2. Mas até agora não existe nenhuma situação de financiamento de despesas orçamentais da própria União por meio de dívida. Tal como se lê no site da própria União, «EU borrowing is only permitted to finance loans to countries. The EU cannot borrow to finance its budget.». De resto, os Tratados da UE impõem que orçamento da União seja equilibrado e não incluem o recurso à dívida entre as receitas orçamentais.
Ora, no caso da proposta de Merkel / Macron, o recurso à dívida, no montante de meio bilião de euros, não se destina a emprestar dinheiro aos Estados-membros, mas sim a reforçar o orçamento da União, a fim de subvencionar programas de investimento dos Estados-membros, ficando a cargo do orçamento da União a pesada responsabilidade financeira do endividamento, ou seja, os juros e o futuro reembolso (para o que tem de reunir os necessários recursos orçamentais...).
3. Não tendo enquadramento jurídico na "Constituição orçamental" da União, esta medida de financiamento pela dívida poderá vir a ser fundadamente acusada de ser "ultra vires", ou seja, de ir para além das competências da União.

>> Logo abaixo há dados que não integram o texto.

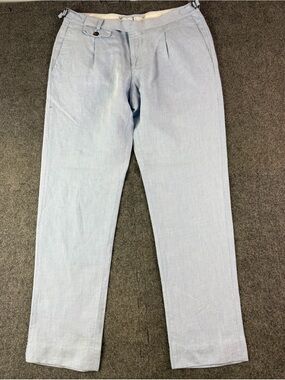 Suitsupply Brentwood Mens Linen Blend Adjustable Waist Pants Size 32x31 Blue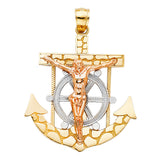 14K Tricolor Gold Mariner Crucifix Anchor Pendant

Por isso, não fica excluído o risco de, por exemplo na Alemanha, ser impugnada junto do respetivo Tribunal Constitucional a contribuição alemã para pagar os custos deste empréstimo da União. Se tal sucedesse, e o TC alemão suscitasse uma "questão prejudicial" junto do Tribunal de Justiça da União sobre o assunto, não vejo como é que este, apesar da sua tradicional visão integracionista, conseguiria enquadrar convincentemente tal endividamento no atual quadro constitucional do orçamento da União.